How to complete this task: Lines from the one with "Chanel Lambskin CC" up to and including the one with "Dark BLUE vector" are to be copied exactly from the records below, without their pictures.

Data supplied:
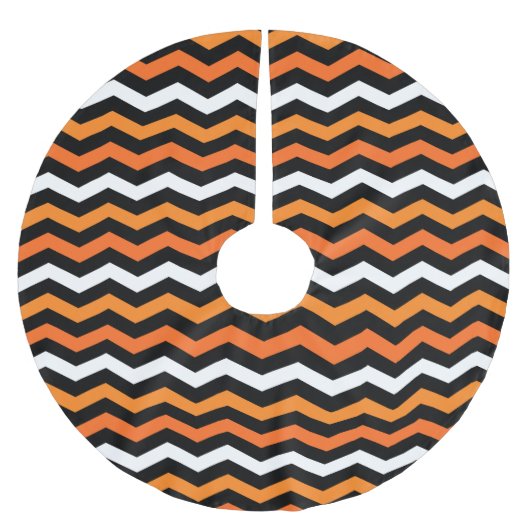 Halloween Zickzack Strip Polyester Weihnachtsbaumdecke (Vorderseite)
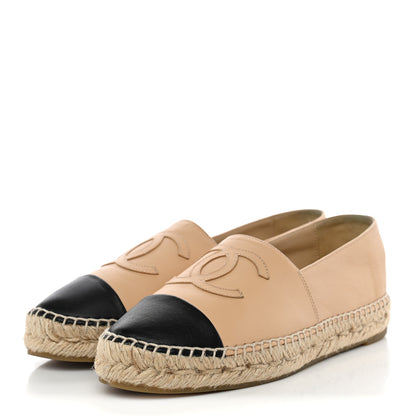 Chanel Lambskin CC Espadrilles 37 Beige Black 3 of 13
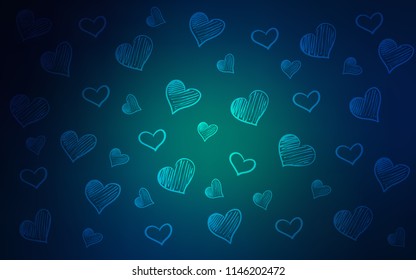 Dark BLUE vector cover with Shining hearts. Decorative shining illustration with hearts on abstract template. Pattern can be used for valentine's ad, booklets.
...
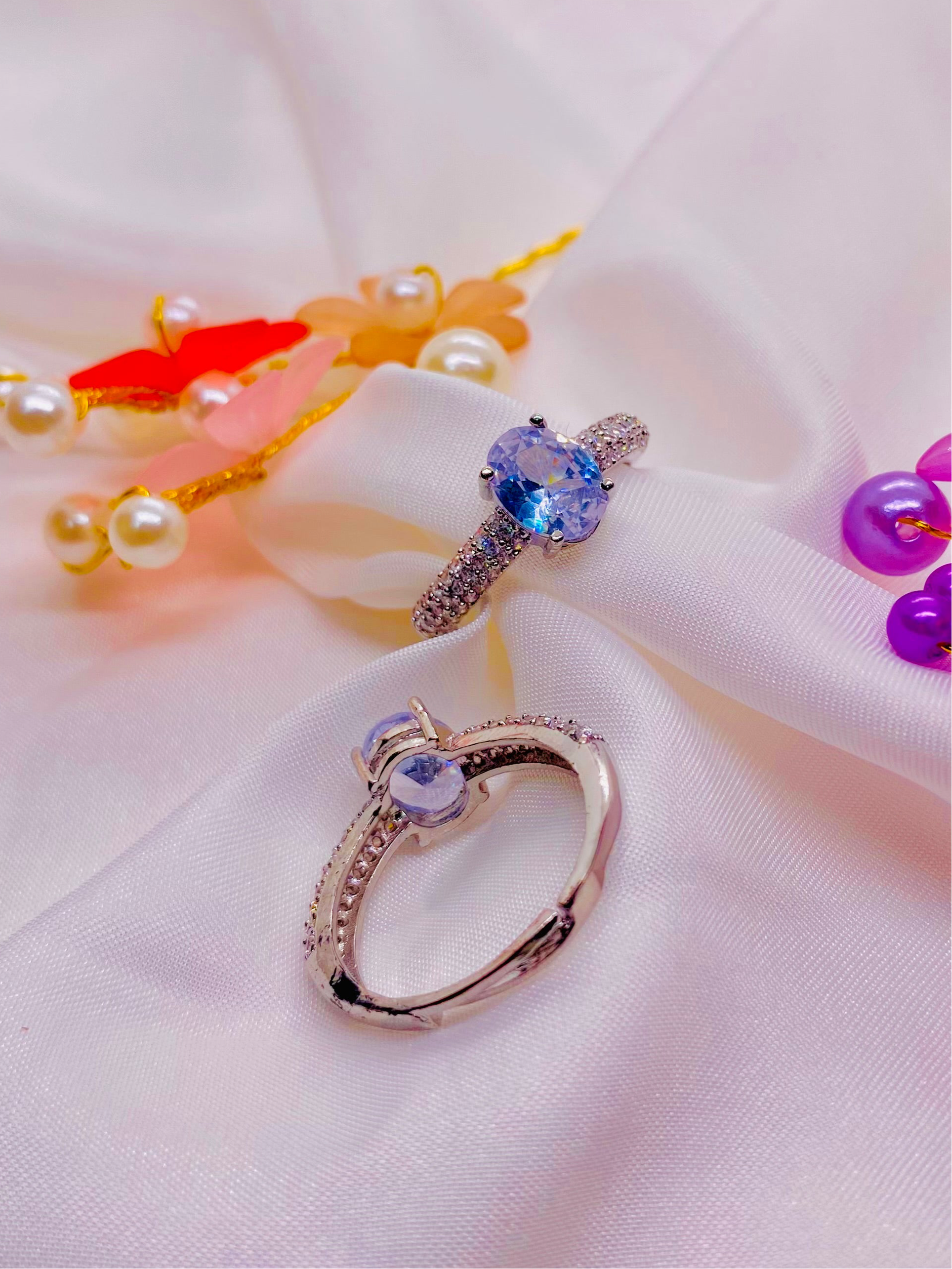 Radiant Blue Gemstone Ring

Exercise result:
 Chanel Lambskin CC Espadrilles 37 Beige Black 3 of 13
 Dark BLUE vector cover with Shining hearts. Decorative shining illustration with hearts on abstract template. Pattern can be used for valentine's ad, booklets.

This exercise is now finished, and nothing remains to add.